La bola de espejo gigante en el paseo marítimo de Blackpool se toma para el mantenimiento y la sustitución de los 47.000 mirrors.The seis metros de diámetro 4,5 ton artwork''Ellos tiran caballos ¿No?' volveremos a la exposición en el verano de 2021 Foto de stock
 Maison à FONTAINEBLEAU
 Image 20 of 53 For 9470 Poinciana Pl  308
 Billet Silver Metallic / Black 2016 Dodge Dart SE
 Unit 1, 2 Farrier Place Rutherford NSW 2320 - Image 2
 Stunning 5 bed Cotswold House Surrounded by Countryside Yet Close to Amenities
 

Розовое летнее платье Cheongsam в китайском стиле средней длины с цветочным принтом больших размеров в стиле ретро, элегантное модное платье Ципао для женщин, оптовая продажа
++++++++++++++++++++
Going from the line that contains "Billet Silver Metallic" to the last line of the records, reproduce every line as written.

__OUTPUT FOR THIS EXERCISE__.
 Billet Silver Metallic / Black 2016 Dodge Dart SE
 Unit 1, 2 Farrier Place Rutherford NSW 2320 - Image 2
 Stunning 5 bed Cotswold House Surrounded by Countryside Yet Close to Amenities
 

Розовое летнее платье Cheongsam в китайском стиле средней длины с цветочным принтом больших размеров в стиле ретро, элегантное модное платье Ципао для женщин, оптовая продажа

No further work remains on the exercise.